▶ **Exercise prompt**:
The response must consist of the lines from the one holding "Welcome to Actual" through the final line of the entries, given again exactly and without any pictures.

─── Material provided

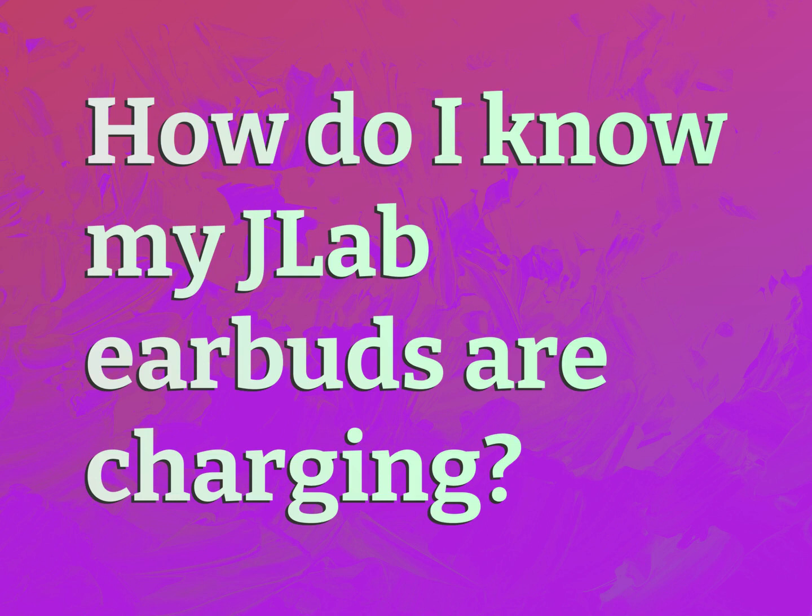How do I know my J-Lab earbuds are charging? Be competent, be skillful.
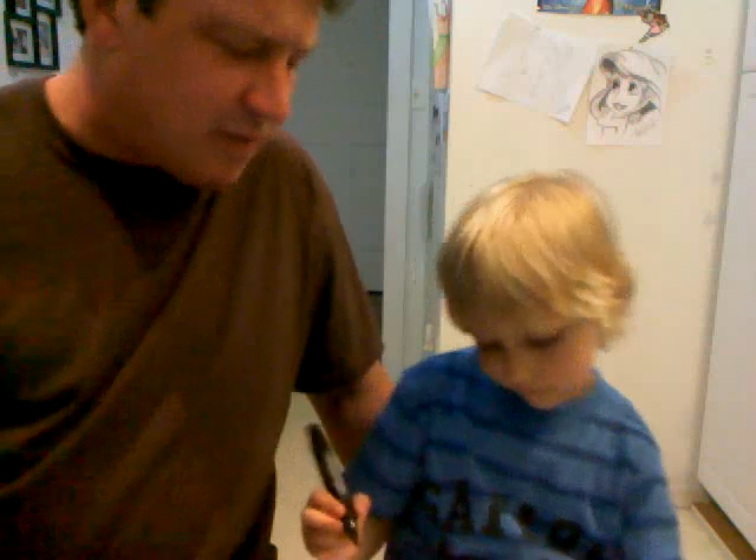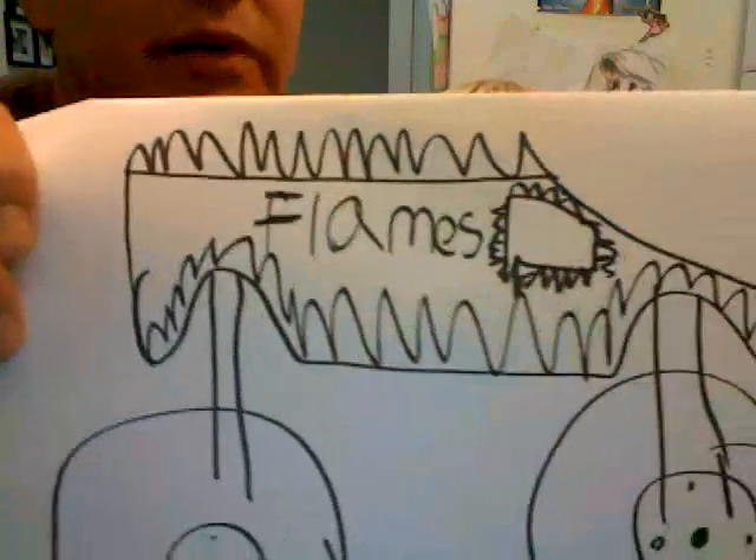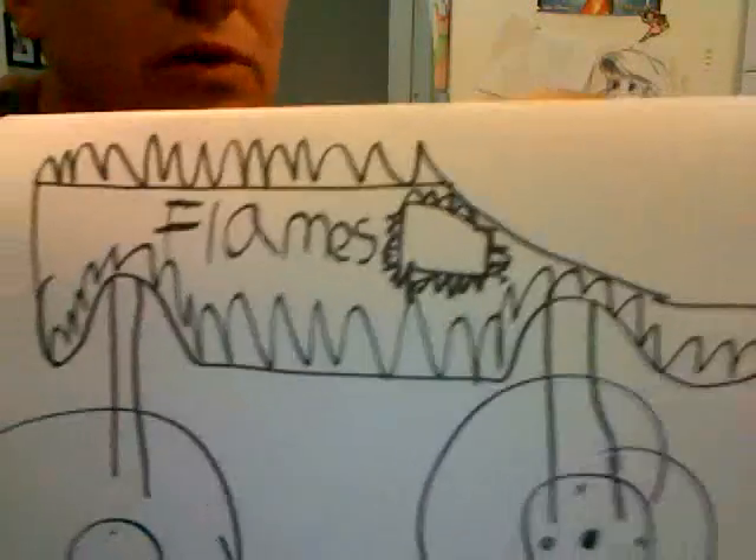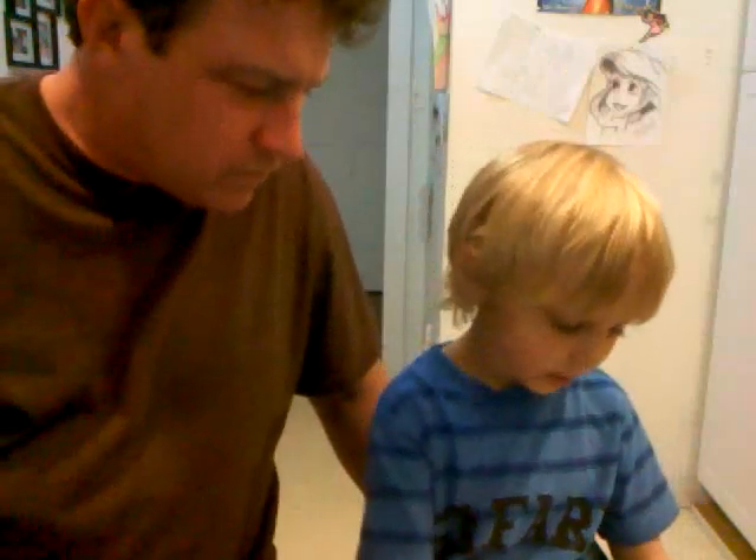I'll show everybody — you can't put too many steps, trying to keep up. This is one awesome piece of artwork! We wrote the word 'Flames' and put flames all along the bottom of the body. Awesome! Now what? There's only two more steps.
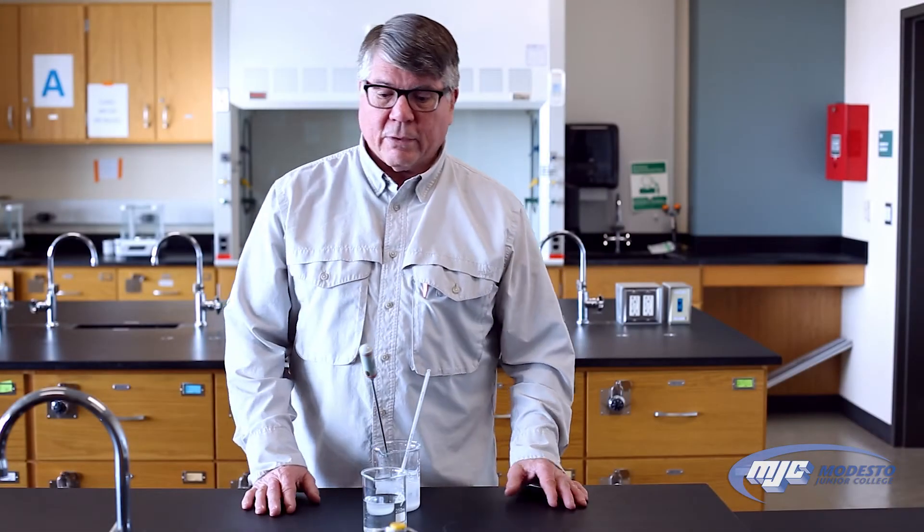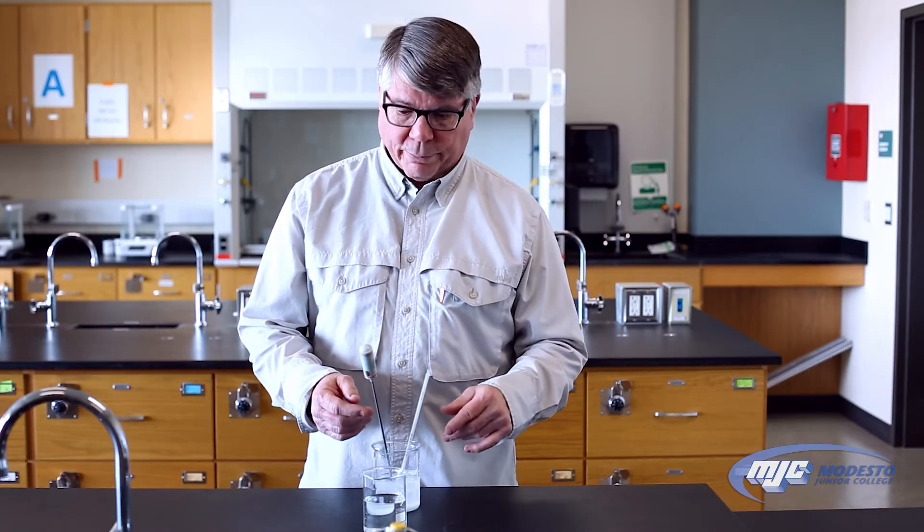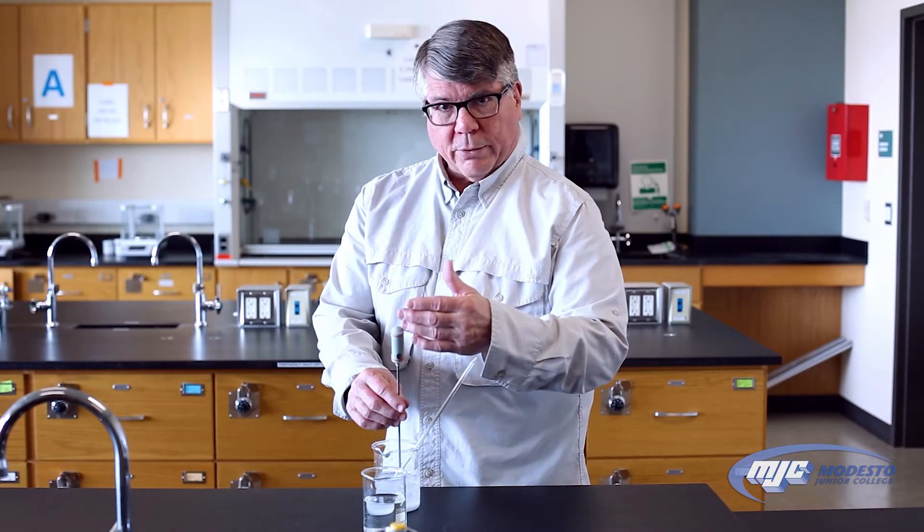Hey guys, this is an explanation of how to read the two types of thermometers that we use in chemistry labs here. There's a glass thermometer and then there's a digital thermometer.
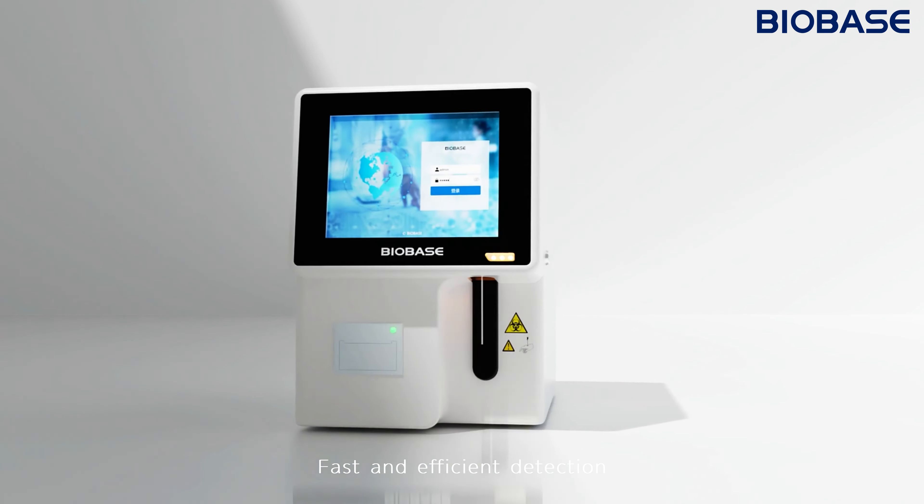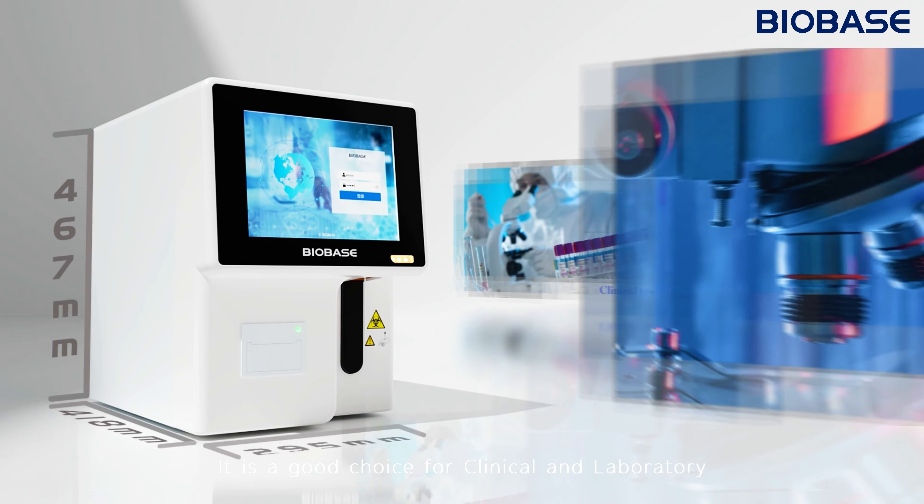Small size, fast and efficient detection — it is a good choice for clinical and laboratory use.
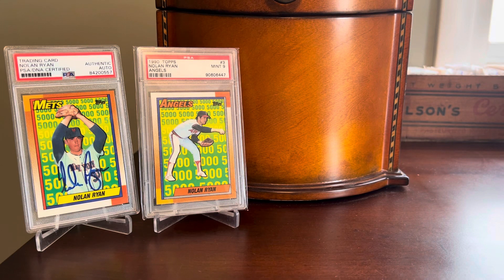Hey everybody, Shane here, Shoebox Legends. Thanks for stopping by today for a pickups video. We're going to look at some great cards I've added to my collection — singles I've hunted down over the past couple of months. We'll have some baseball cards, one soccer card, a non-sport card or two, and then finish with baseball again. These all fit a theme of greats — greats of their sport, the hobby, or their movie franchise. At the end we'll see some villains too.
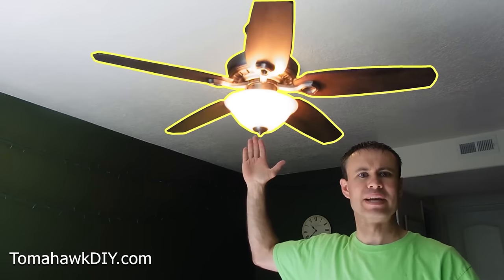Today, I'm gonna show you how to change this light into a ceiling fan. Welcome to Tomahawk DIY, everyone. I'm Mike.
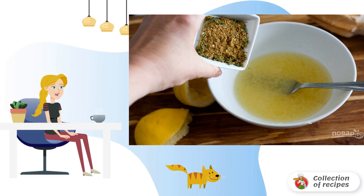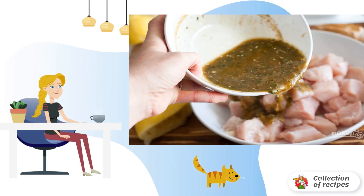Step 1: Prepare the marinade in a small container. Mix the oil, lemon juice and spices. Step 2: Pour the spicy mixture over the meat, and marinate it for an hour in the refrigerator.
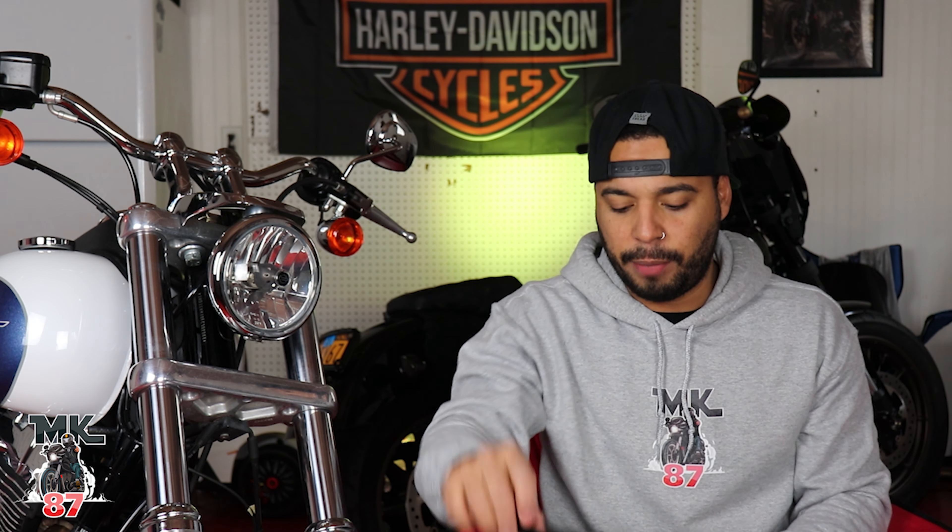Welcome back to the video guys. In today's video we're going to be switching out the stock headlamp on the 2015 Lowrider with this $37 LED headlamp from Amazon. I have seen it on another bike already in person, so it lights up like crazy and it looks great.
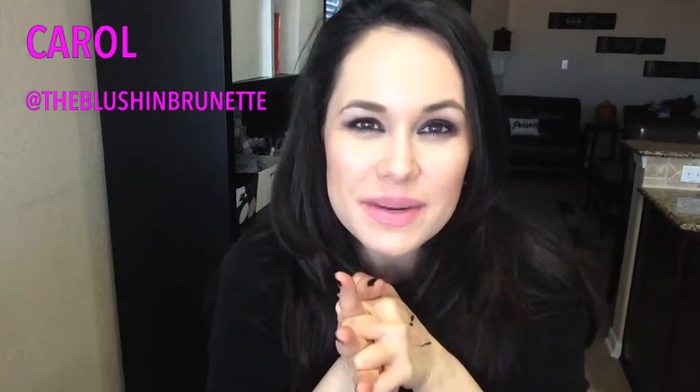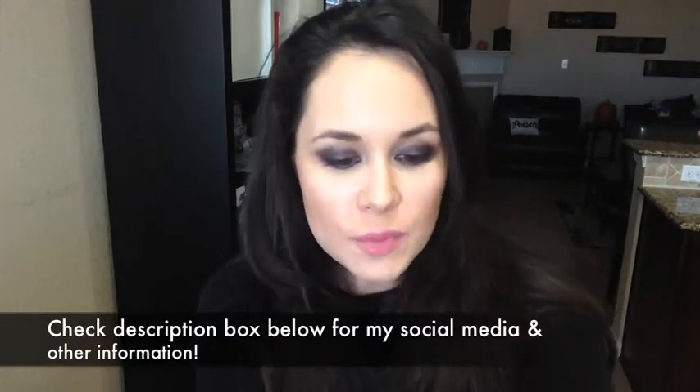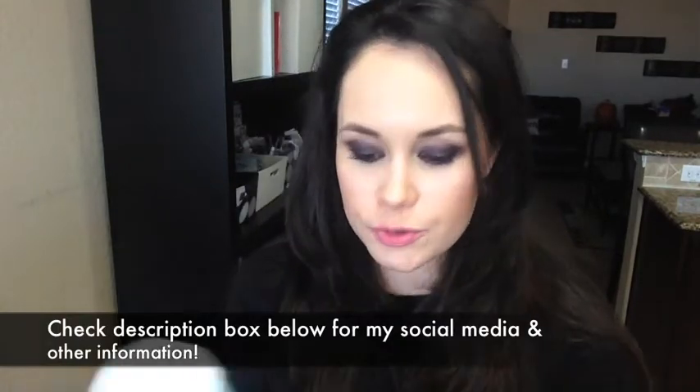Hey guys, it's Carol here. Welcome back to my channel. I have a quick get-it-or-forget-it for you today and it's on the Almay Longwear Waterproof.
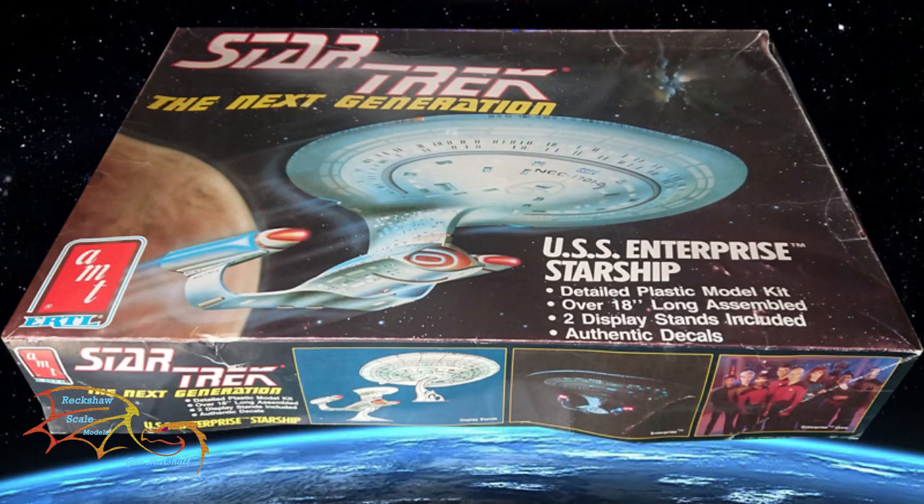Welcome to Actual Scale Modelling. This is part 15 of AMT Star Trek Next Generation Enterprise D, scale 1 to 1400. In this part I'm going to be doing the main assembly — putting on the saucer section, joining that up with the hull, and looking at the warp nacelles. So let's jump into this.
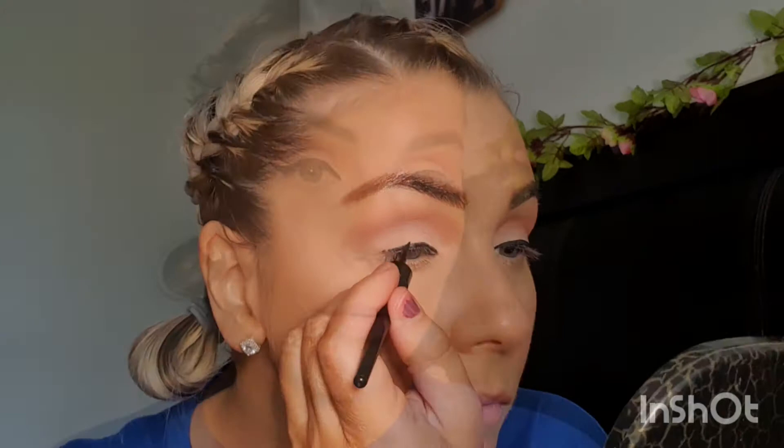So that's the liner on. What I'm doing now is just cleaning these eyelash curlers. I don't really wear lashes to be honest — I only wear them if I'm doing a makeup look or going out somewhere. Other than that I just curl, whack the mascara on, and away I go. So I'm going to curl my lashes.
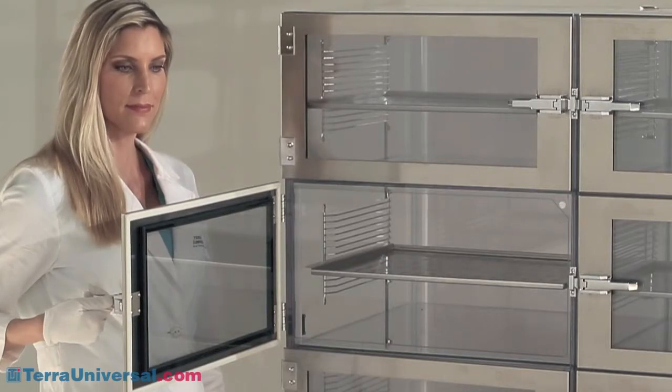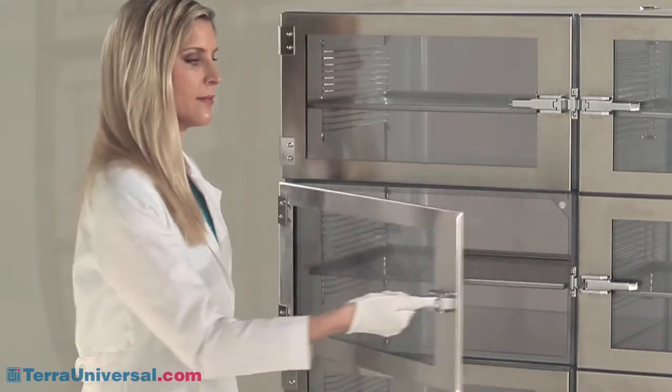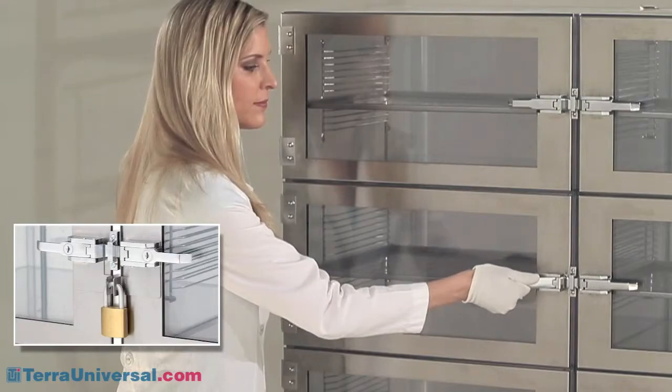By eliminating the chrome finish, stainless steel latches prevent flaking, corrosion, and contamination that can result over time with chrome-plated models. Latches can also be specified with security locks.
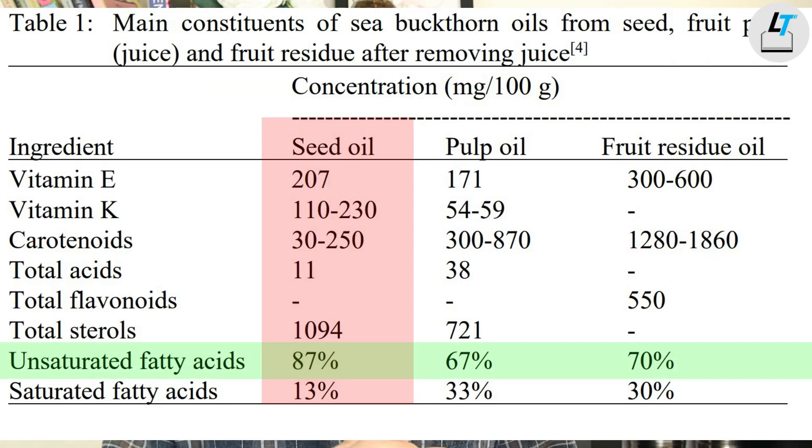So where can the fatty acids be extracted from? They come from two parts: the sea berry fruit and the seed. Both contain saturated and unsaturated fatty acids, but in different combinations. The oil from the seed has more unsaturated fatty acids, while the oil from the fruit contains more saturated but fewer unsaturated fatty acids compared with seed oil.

──────

▶ **Response to the task**:
Welcome to Actual Scale Modelling. This is part 15 of AMT Star Trek Next Generation Enterprise D, scale 1 to 1400. In this part I'm going to be doing the main assembly — putting on the saucer section, joining that up with the hull, and looking at the warp nacelles. So let's jump into this.
So that's the liner on. What I'm doing now is just cleaning these eyelash curlers. I don't really wear lashes to be honest — I only wear them if I'm doing a makeup look or going out somewhere. Other than that I just curl, whack the mascara on, and away I go. So I'm going to curl my lashes.
By eliminating the chrome finish, stainless steel latches prevent flaking, corrosion, and contamination that can result over time with chrome-plated models. Latches can also be specified with security locks.
So where can the fatty acids be extracted from? They come from two parts: the sea berry fruit and the seed. Both contain saturated and unsaturated fatty acids, but in different combinations. The oil from the seed has more unsaturated fatty acids, while the oil from the fruit contains more saturated but fewer unsaturated fatty acids compared with seed oil.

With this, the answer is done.